The purpose of this study was to characterize the clinical and virologic features of the mucosal and thrombocytopenic BVDV infection in infected dairy cattle. Strategy of examination included clinical examination of diseased animals, serum samples (n=31) represented all diseased cattle, milk samples (n=8) represented clinically diseased cattle and vaginal swabs (n=8) from the hemorrhagic diseased and aborted cattle were tested. An international reference strain (NADL: National Animal Disease Laboratory) and local cytopathic BVDV genotype-II strain (Behera-CP 58/99) were used as positive controls. The virus was isolated from the 8 vaginal swabs and 5 out of the 8 milk samples. All the isolates were ncp that no CPEs were noticed over the 3 passages. By specific BVDV genotype -II monoclonal antibodies (MAbs) against gp53, the viral antigen was identified using Fluorescence isothiocyanate (FITC)-conjugated anti-bovine IgG (specific intra cytoplasmic fluoresce granules) and horseradish peroxidase (HRP)-conjugated anti-bovine IgG (specific intra cytoplasmic brown granules) were detected. By enzyme linked immunosorbant assay (ELISA) technique, all serum samples were positive against the BVDV that had neutralizing antibodies titer ranges from ≥ 1/128 to ≥ 1/512. In conclusion, BVDV type -II do exist in cattle population and the understanding the molecular epidemiology is fundamental. Improved diagnostic and control strategies are essential to reduce losses inflected by BVDVs infection.

 

Key words: Bovine viral diarrhea virus- II,Epidemiological aspect, isolation, immunohistochemistry.

 

Introduction

 

Bovine viral diarrhea virus (BVDV) is a complex pathogen of ruminants. The high prevalence of BVDV in combination with its negative effects on reproduction and the general health condition in affected herds result in significant economic losses to the cattle industry globally (Houe, 2003). The viral pathogenicity is related to its broad tissue tropism in the infected animal, its capacity to elicit damaging host responses, and most probably, an as yet incompletely defined direct mechanism of virulence (Potgieter, 1997; Brock, 2004).

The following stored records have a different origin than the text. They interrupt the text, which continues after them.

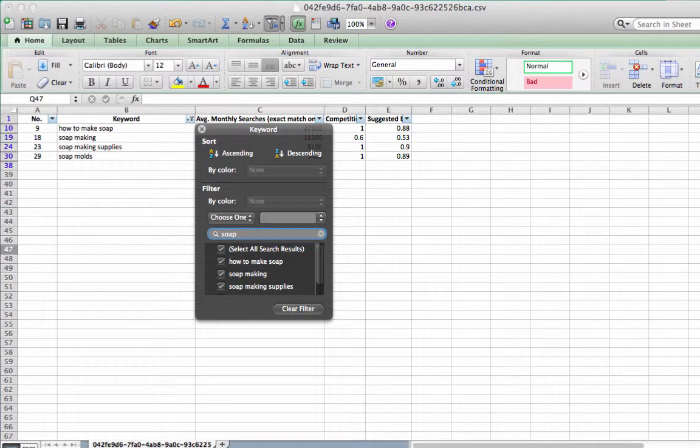In this example, I have typed in SOAP since it is irrelevant to my niche idea. After the list of duplicate or irrelevant keywords is shown, delete those keywords. Click on clear filter to return to the original list.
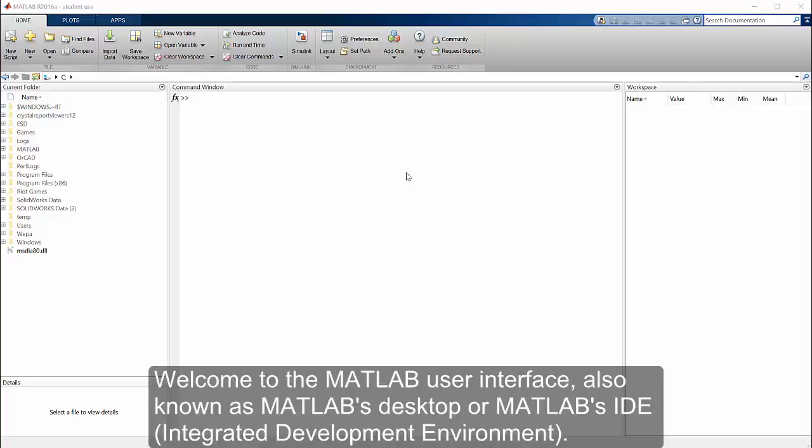Welcome to the MATLAB User Interface, also known as MATLAB's Desktop or MATLAB's IDE, Integrated Development Environment.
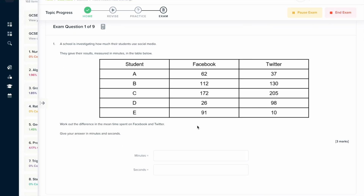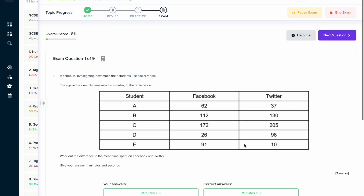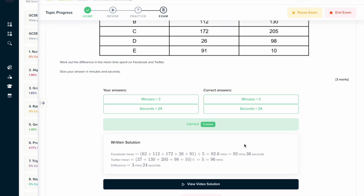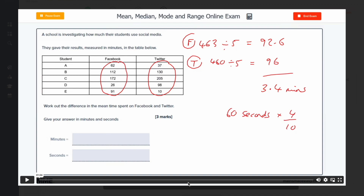If you found this video useful, why not try the topic exam on our learning platform? Here you can answer a series of questions and get instant feedback on how you've done. You can see a written solution explaining how you should have done it, so if you got it correct you can quickly check you did it the right way. Or if you're still unsure, there's a video solution where an expert will talk you through exactly how to solve the problem.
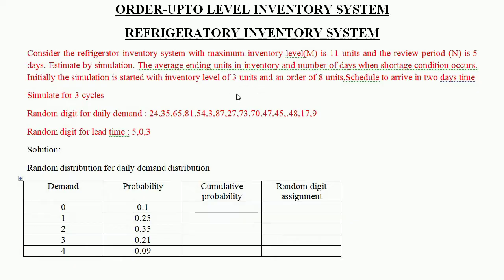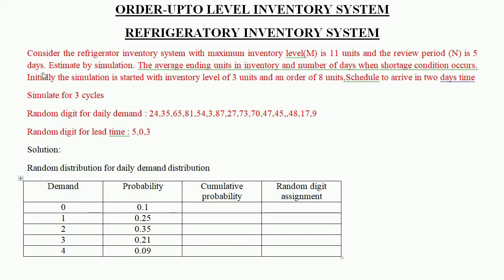Initially the simulation is started with an inventory level of 3 units, and an order of 8 units is scheduled to arrive in two days' time. We have to simulate for three cycles. The review period is every 5 days, and for three cycles that means a total of 15 days to simulate.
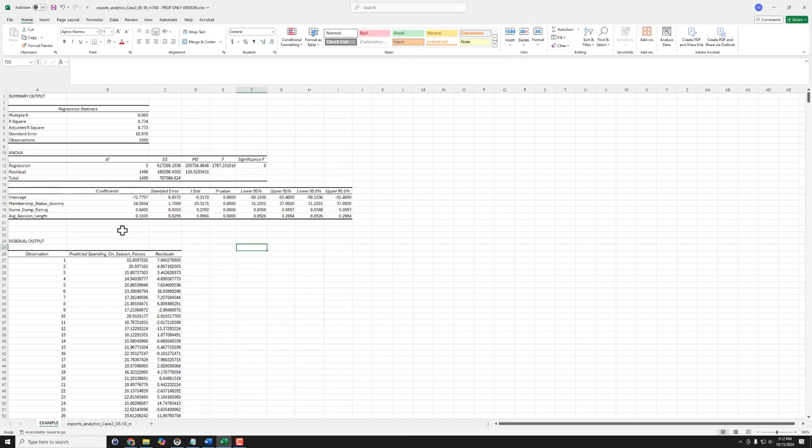So that's it, that is how you mechanically run multiple linear regression with multiple predictors that don't start off in the same place in Excel.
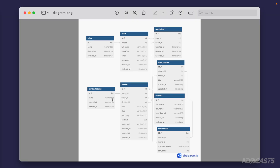I've already gone ahead and diagrammed out the database that we're going to be working with throughout this series. I use dbdiagram.io to do this, and this is the output of that diagram.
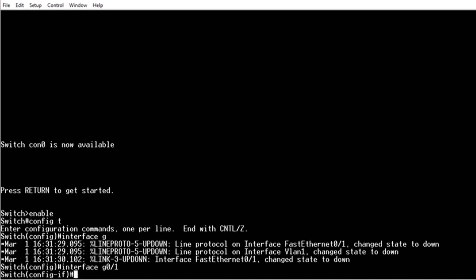Using hotkeys and shortcuts is a great way to save you time when working with the Cisco IOS.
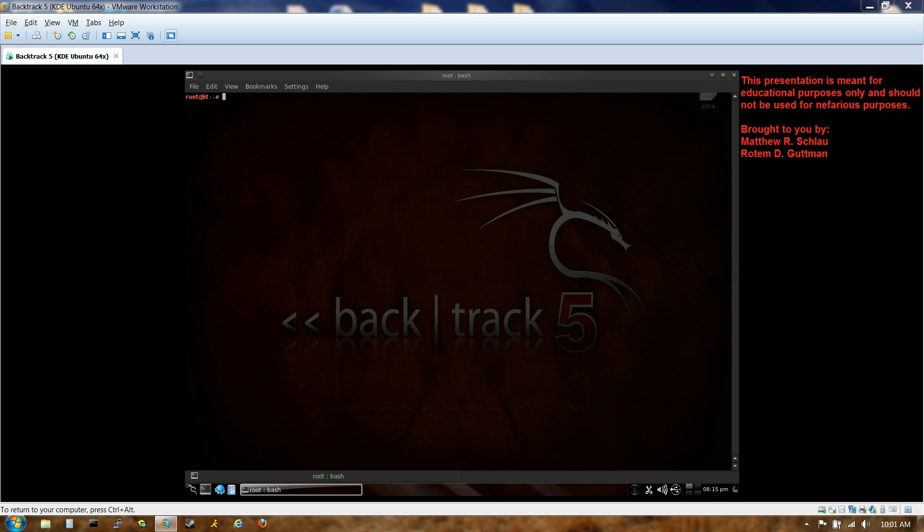First off, notice that I'm using Backtrack 5, which is a Ubuntu operating system with a bunch of software loaded into it, primarily penetration testing software, hacking software, and digital forensics software. Perfect for our needs.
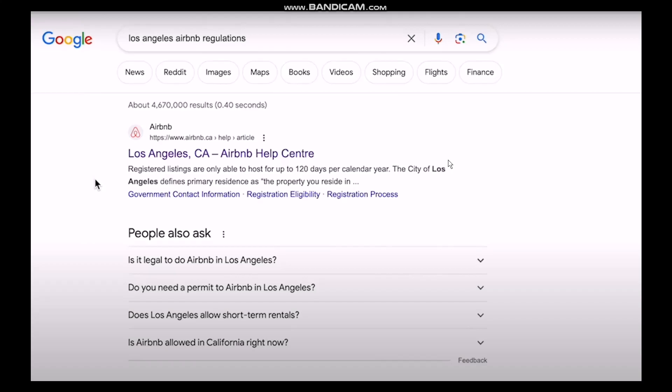Hello guys, welcome back to the channel. Hope you are doing well. In today's video I'll be showing you how to make money on Airbnb without owning property. So without wasting any time, let's jump right into the video. Make sure to watch this video till the end and follow the steps as well.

According to the eighth report of the International Committee on Taxonomy of Virus (ICTV), there are two BVDV genotypes, BVDV-1 and BVDV-2, together with border disease (BD) virus, classical swine fever (CSF) virus and Giraffe virus, constituting the genus Pestivirus of the family Flaviviridae (Fauquet, et al., 2005). Bovine viral diarrhea virus strains are recognized as either cytopathic (cp) or noncytopathic (ncp), according to their effect in cell culture (Harding et al., 2002). As the overwhelming majority of BVDV isolates are noncytopathic (90%), infections can easily go unnoticed (Bezek et al., 1994). Cattle persistently infected (PI) with the ncp-BVDV are the main reservoir within the herds and play the most important role in spreading of the disease (Bolin, 1990). There is a predominance of studies showing that the prevalence of PI animals ranges from 0.5% to 2% (Houe, 1999).

Based on genetic and pathogenic properties, the low virulent classical BVDV strains, is present in either genotype and the hyper virulent strains, responsible for the hemorrhagic syndrome, are belong to genotype II (Pellerin et al., 1994; Ridpath and Bolin, 1995). The mechanism of increased virulence with some isolates of BVDV genotype II is currently unknown. However, the ability of BVDV genotype II to cause severe clinical disease and death is due, at least in part, to thrombocytopenia and the resulting hemorrhagic syndrome (Sandvik, 2005).

In Egypt, the sero-prevalence of BVDV infection in the rural localities is 51.8% (Abd El-Hafeiz, et al. 2010). Both genotypes were isolated from the different clinical samples and were characterized genetically and antigenically (Abd El-Hafeiz, 2002, 2005; Abd El-Hafeiz et al. 2009).

The purpose of this study was to characterize the clinical and virologic features of the mucosal and thrombocytopenic BVDV infection in infected cattle.

 

MaterialS and Methods

 

BVDV-infection herd-status:

            Herd-statuses concerning BVDV-infection were defined based on the physical examination of the herds. Strategy of examination included clinical examination of diseased animals and a possible carry-over effect of BVDV-infection. Pyrexia (rectal temperature 39.4 ºC) was observed in the infected cows with bloody diarrhea for 48 hrs and hemorrhage on the mucosal membrane, reduction of the milk production and abortion within the first 3 months of gestation.    

 

Field samples:

Milk samples (n=8) represented clinically diseased cattle were tested against the BVDV. Milk somatic cells from each milk sample were prepared and purified as described by Radwan et al. (1995). Briefly, 25 ml of each sample was centrifuged at 1000 xg, 4ºC for 15 minutes to pellet the somatic cells. The cell pellet was re-suspended in 15 ml phosphate buffered saline (PBS) and centrifuged at 200 xg, 4ºC for 15 minutes. Second washing of cell pellet was applied in 5 ml PBS and centrifuged at 200 xg, 4ºC for 15 minutes. The supernatant was removed and the purified milk somatic cells (PMSC) were re-suspended in 0.5 ml of PBS and storied at –70 ºC till inoculated on the tissue culture (TC).

Vaginal swabs (n=8) from the hemorrhagic diseased and aborted cattle were collected and transport in transport medium and inoculated on the TC as the standard method.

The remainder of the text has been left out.